> What the task asks
Using the listing below, give the number of lines in which the string "Adjust" appears, and nothing else.

> Given data
>>>>>
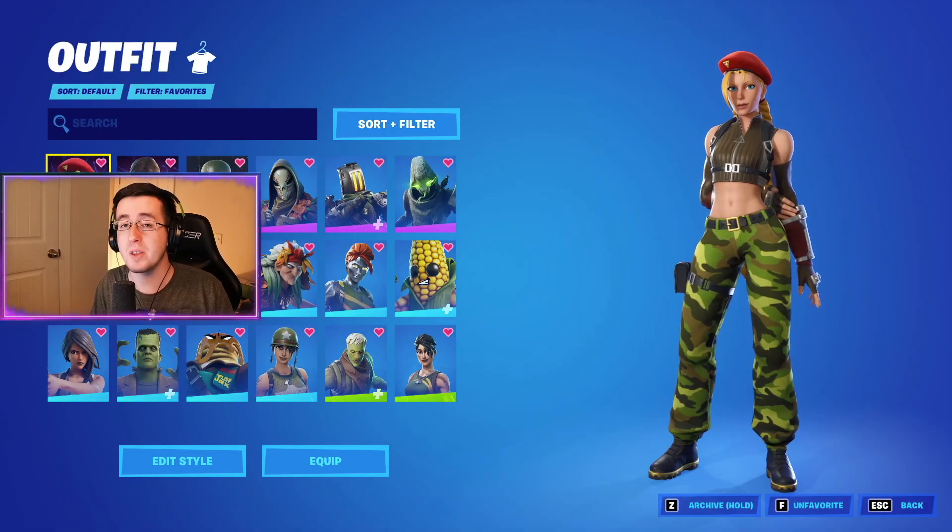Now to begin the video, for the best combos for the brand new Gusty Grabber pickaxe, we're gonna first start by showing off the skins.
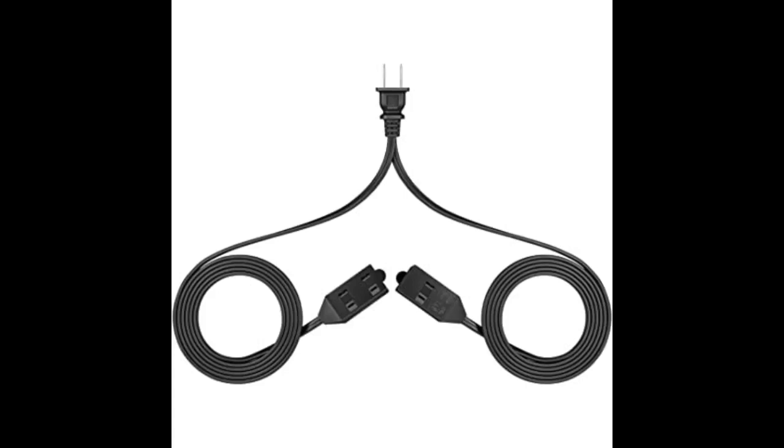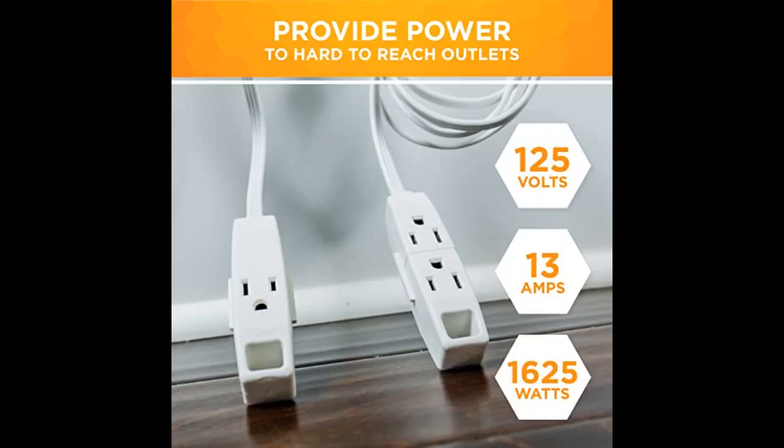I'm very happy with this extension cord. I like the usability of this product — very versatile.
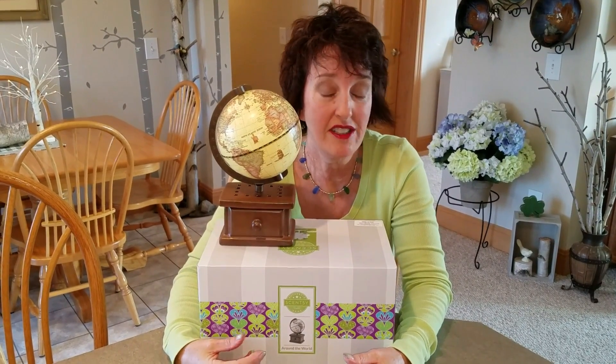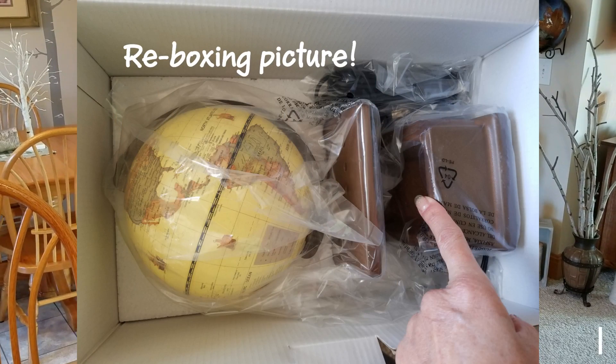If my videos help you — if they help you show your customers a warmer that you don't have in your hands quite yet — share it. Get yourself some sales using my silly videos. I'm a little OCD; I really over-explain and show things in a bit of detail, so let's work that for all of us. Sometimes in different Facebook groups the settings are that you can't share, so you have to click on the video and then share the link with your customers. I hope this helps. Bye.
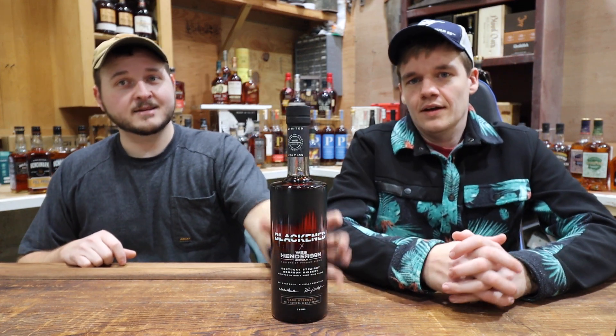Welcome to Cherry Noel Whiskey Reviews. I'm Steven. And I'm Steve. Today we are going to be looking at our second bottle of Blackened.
<<<<<
>>>>>
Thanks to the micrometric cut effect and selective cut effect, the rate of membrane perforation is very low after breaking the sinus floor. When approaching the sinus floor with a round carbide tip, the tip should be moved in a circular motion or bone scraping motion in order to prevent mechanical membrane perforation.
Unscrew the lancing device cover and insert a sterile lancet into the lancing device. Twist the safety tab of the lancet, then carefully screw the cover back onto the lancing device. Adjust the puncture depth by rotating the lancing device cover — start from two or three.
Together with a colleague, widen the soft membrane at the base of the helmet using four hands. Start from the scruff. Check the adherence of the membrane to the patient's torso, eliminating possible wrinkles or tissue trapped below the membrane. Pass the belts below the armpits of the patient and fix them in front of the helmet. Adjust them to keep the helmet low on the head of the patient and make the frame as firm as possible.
<<<<<
> Solution for this exercise
2